An individual Cuckoo probably always lays its eggs in the same neighbourhood, and always in the nest of the same kind of bird, and usually the same kind in which it was itself brought up. The young Cuckoo soon obtains the upper hand in the nest, on account of its rapid growth, and throws out its weaker foster-brothers and sisters. It always calls its own name—though it sounds more like “ha-hu”; sometimes it utters sounds which are like laughter. There is a popular superstition that the Cuckoo foretells to those who ask it, how many years they will live—and to young maidens, how many years they must wait for a husband.

Like the Swallow it brings the announcement of spring, and our Hungarian children have a song:—

“Cuckoo! Cuckoo! sounds from the wood
Now let us dance and sing;
For Spring is coming; Spring is here;”

The Cuckoo detracts from its usefulness, however, by its other actions. It greatly damages the nests of the small useful birds, in which it places its eggs, and consequently its young ones. The female Cuckoo selects a district, finds out all the nests of Wren, Robin, White-throat, Wagtail, or some other, and thereupon begins to place her egg in this. When she finds that she cannot get into a nest of a bird which builds in a hole, she lays her egg on the ground, then takes it up in her bill and drops it into the nest.

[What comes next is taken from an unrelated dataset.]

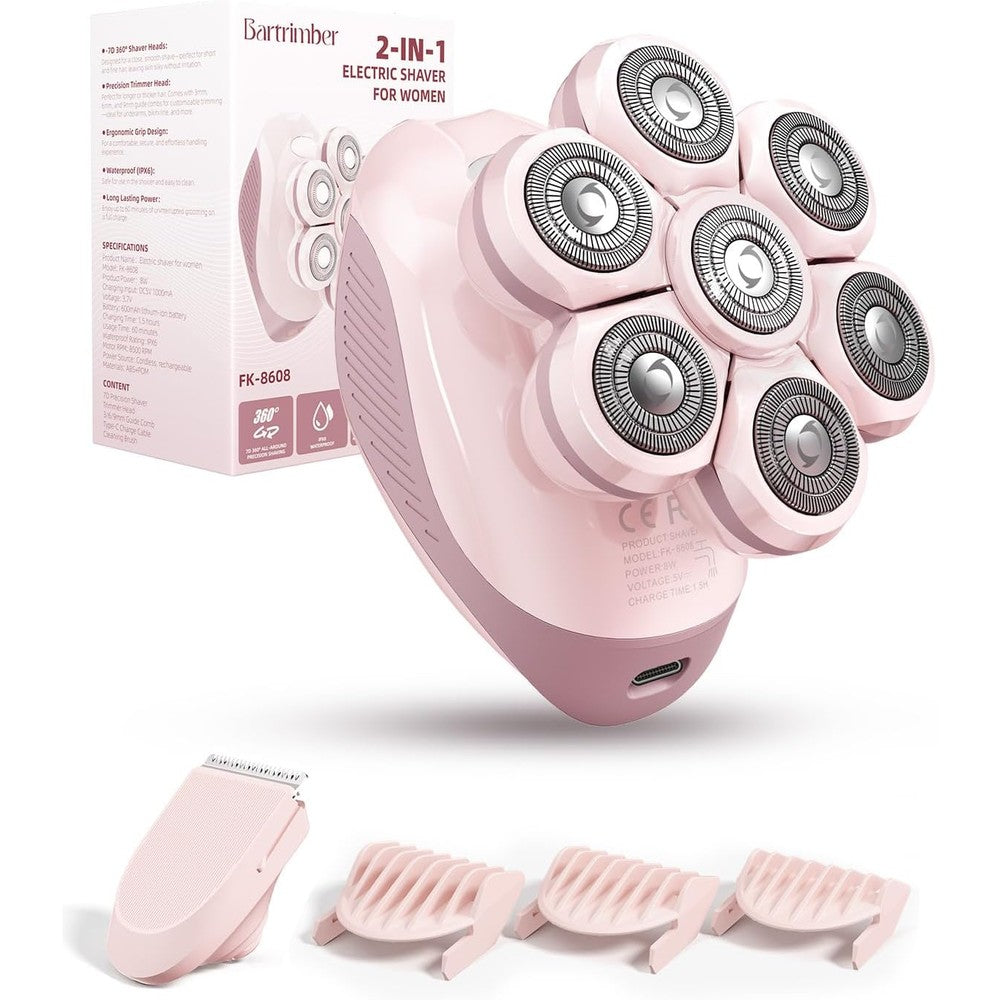 Bartrimber 7D electric razor for women front view showcasing the pink rotary shaving head.
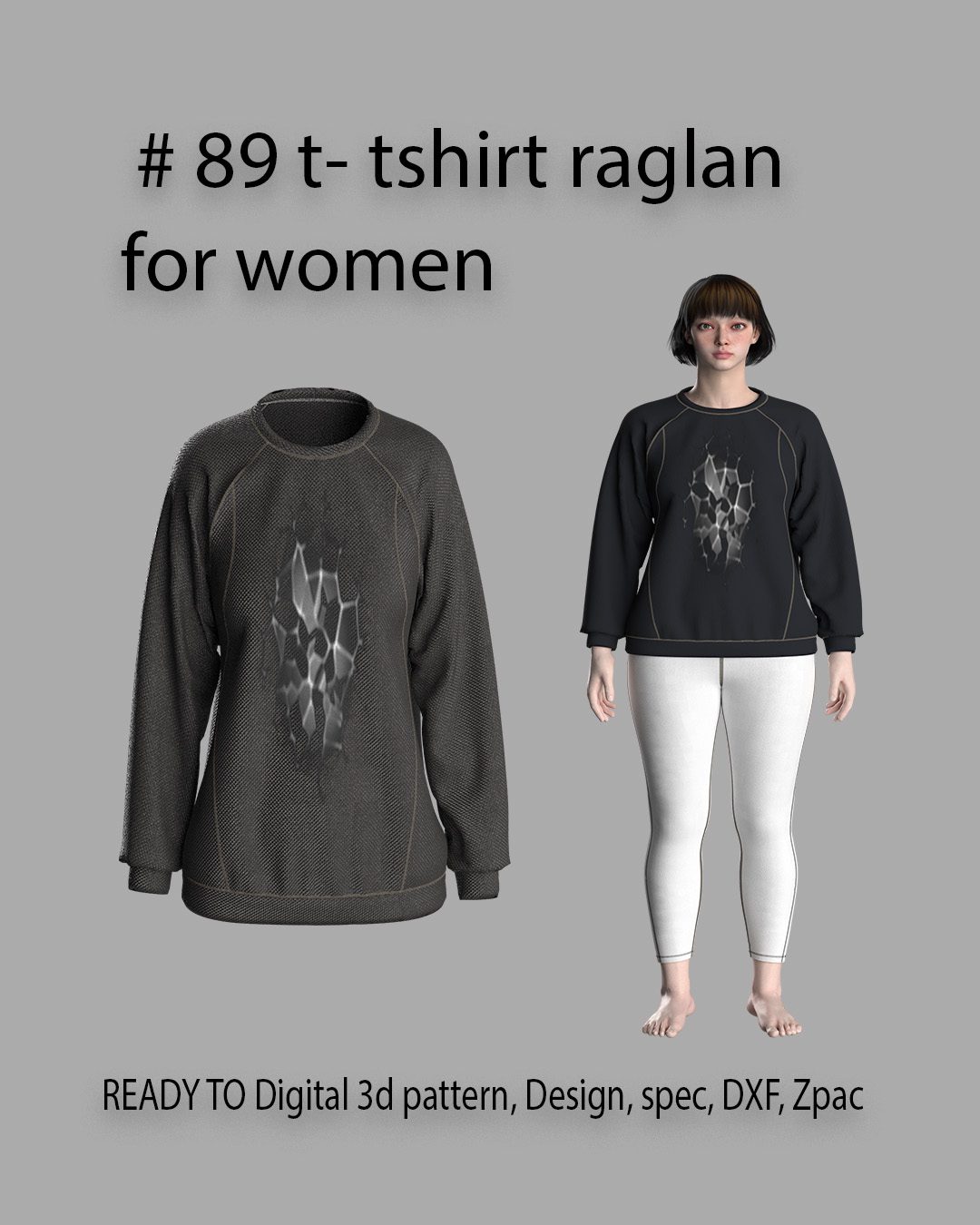 89 t-shirt raglan Dxf pattern for women wear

In spring and summer the Cuckoo’s note sounds all through Great Britain. Its ways will always have a fascination both for the old and the young. Many will be surprised to hear that scientists have now verified the placing of its eggs in the nests of as many as 145 species; in different countries, that is, including the nests of the Isabelline and other Chats in Africa and China, and the Red-headed Bunting on the steppes of Turkestan. In Lapland the Grey-headed Wagtail and the Red-spotted Bluethroat are the foster-parents; in Andalusia the Great-spotted Cuckoo lays oftenest in the nest of the Spanish Magpie.[2] The old poet, Quarles, must have seen the bird with an egg in its beak when he wrote “The idle Cuckoo having made a feast of Sparrow’s eggs, Lays down her own i’ the nest.”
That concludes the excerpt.